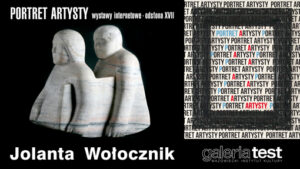 Portret Artysty wystawy internetowe - Odsłony XVII Jolanta Wołocznik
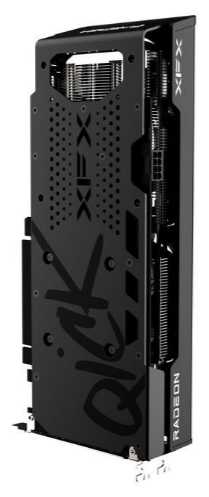 Видеокарта XFX Speedster QICK 308 Radeon RX 6650 XT Ultra 8 GB (RX-665X86VBY) фотография 2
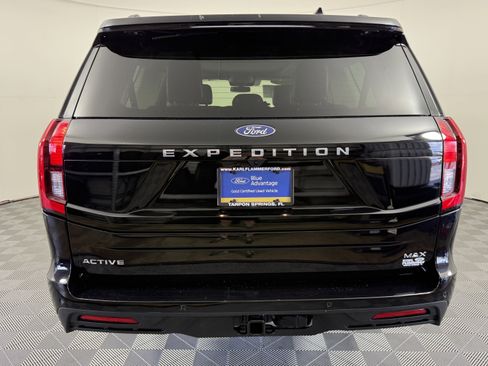 Certified 2025 Ford Expedition Max Active AWD/4WD image 4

⁂

• [What the exercise asks]: Please write out all the data again word for word, but not the pictures.

• [Response to this task]:
 Portret Artysty wystawy internetowe - Odsłony XVII Jolanta Wołocznik
 Видеокарта XFX Speedster QICK 308 Radeon RX 6650 XT Ultra 8 GB (RX-665X86VBY) фотография 2
 Certified 2025 Ford Expedition Max Active AWD/4WD image 4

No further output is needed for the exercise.